WASHINGTON — Florida is building a detention facility for migrants nicknamed “Alligator Alcatraz,” turning an airfield in the Everglades into the newest — and scariest-sounding — holding center designed to help the Trump administration carry out its immigration crackdown.
The remote facility, comprised of large tents, and other planned facilities will cost the state around $450 million a year to run, but Florida can request some reimbursement from the Federal Emergency Management Agency, said Tricia McLaughlin, a spokesperson for the Department of Homeland Security.

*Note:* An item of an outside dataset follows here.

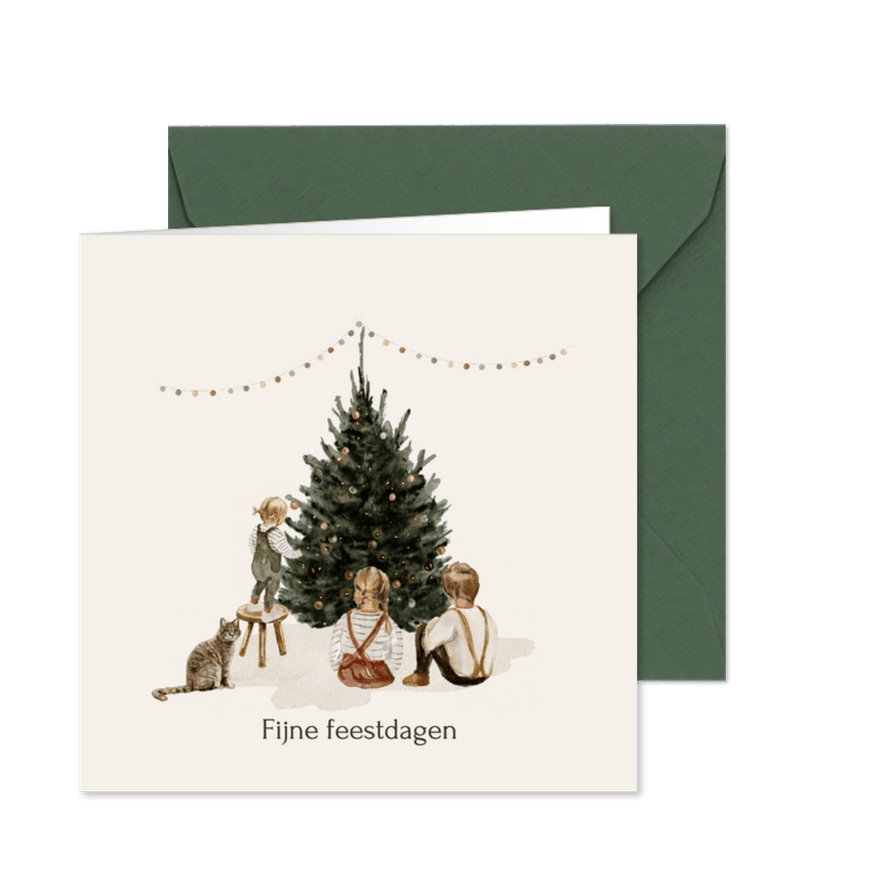 Kerstkaart broertje zusjes kerstboom kat - Kaartimpressie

Florida’s attorney general, James Uthmeier, a Trump ally who has pushed to build the detention center in the Everglades, has said the state will not need to invest much in security because the area is surrounded by dangerous wildlife, including alligators and pythons. A spokesperson for the attorney general said work on the new facility started on Monday morning.

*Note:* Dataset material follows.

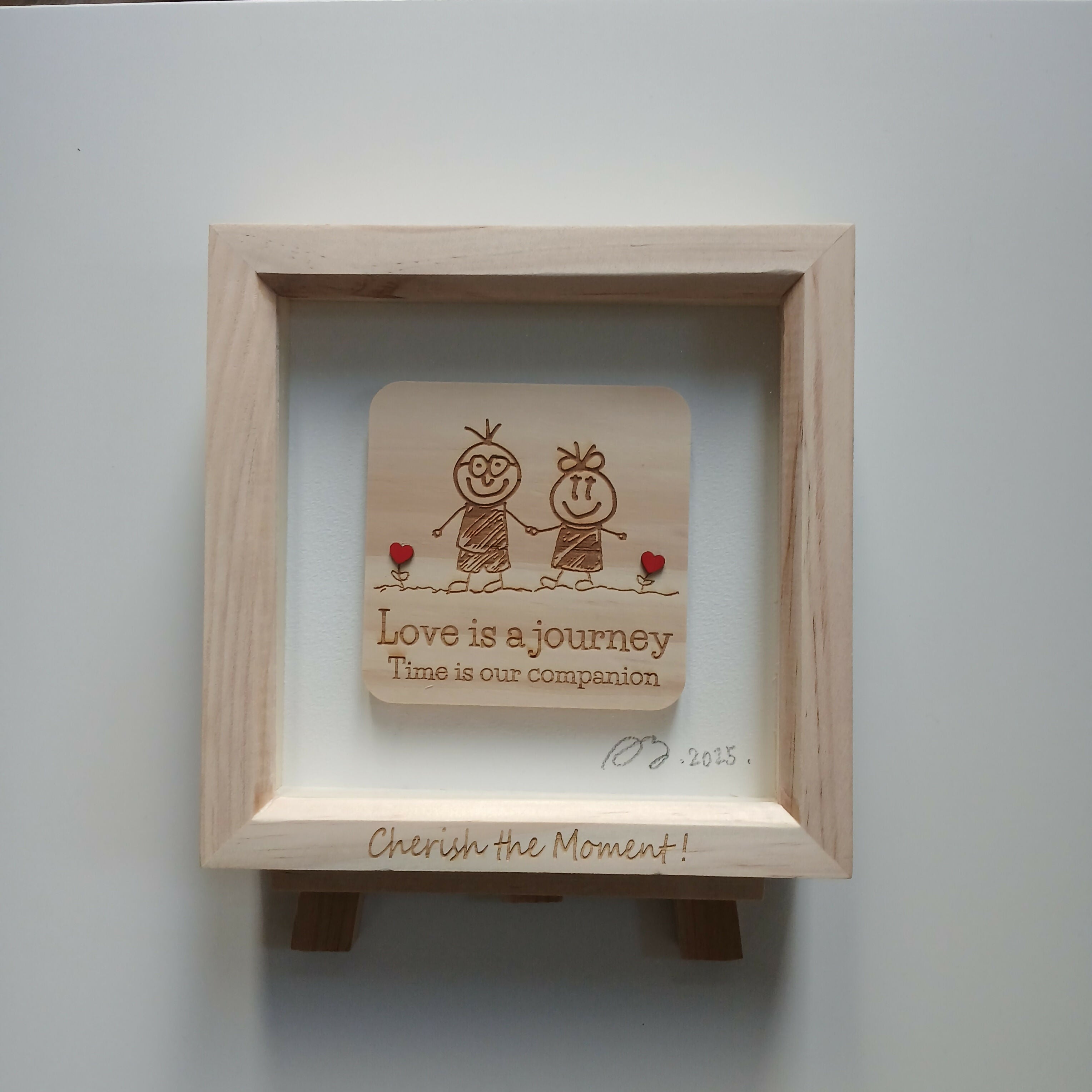Love is a Journey Artwork Wood Frame with Stand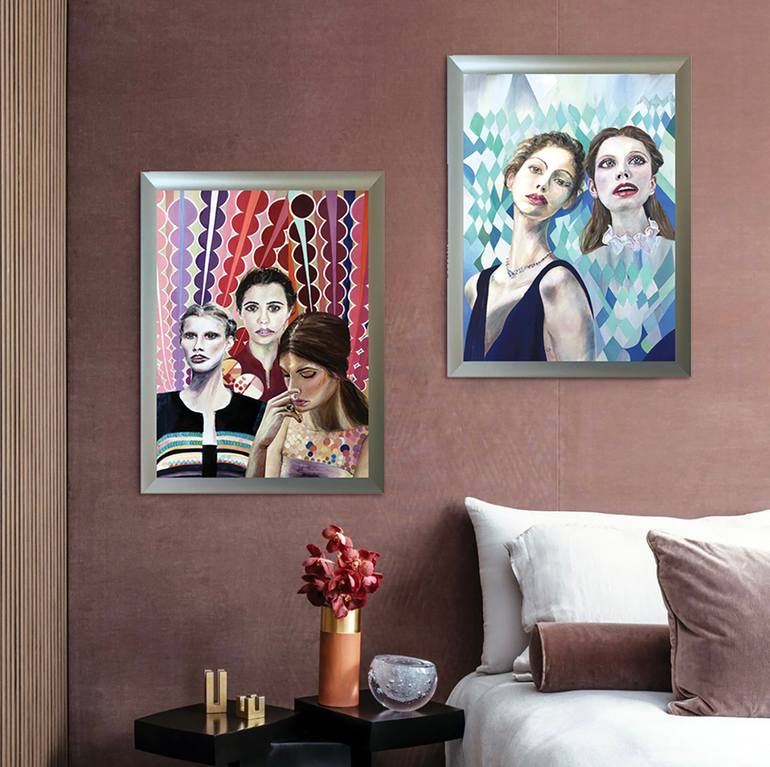Original Expressionism People Painting by Bettina Newbery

The project is sure to appeal to President Donald Trump, who talked repeatedly during his first term about building a moat along the southern border filled with alligators or snakes.
And since resuming office this year, Trump has already sent migrants to Guantánamo Bay, the symbol for America’s worst enemies, and to a megaprison in El Salvador.
The Everglades facility is part of a broader effort by the Trump administration to enlist local authorities to boost detention capacity and expand the number of officers around the country who can arrest immigrants living in the country illegally. The Trump administration has struggled to meet its mass deportations goals in part because of resource constraints.
It’s not clear how quickly the new detention center can be built.
McLaughlin said the goal is to have at least some of the tents up and running by July.
The Trump administration is currently holding about 55,000 immigrants, a spike from the end of the Biden administration, when Immigration and Customs Enforcement was holding about 40,000 people.
“Under President Trump’s leadership, we are working at turbo speed to deliver cost-effective and innovative ways to deliver on the American people’s mandate for mass deportations of criminal illegal aliens,” Kristi Noem, the homeland security secretary, said in a statement.
Immigrant advocates criticized the move, saying that it was creating a new form of detention outside the scope of the federal government. Mark Fleming, the associate director of federal litigation at the National Immigrant Justice Center, said it amounted to an “independent, unaccountable detention system.”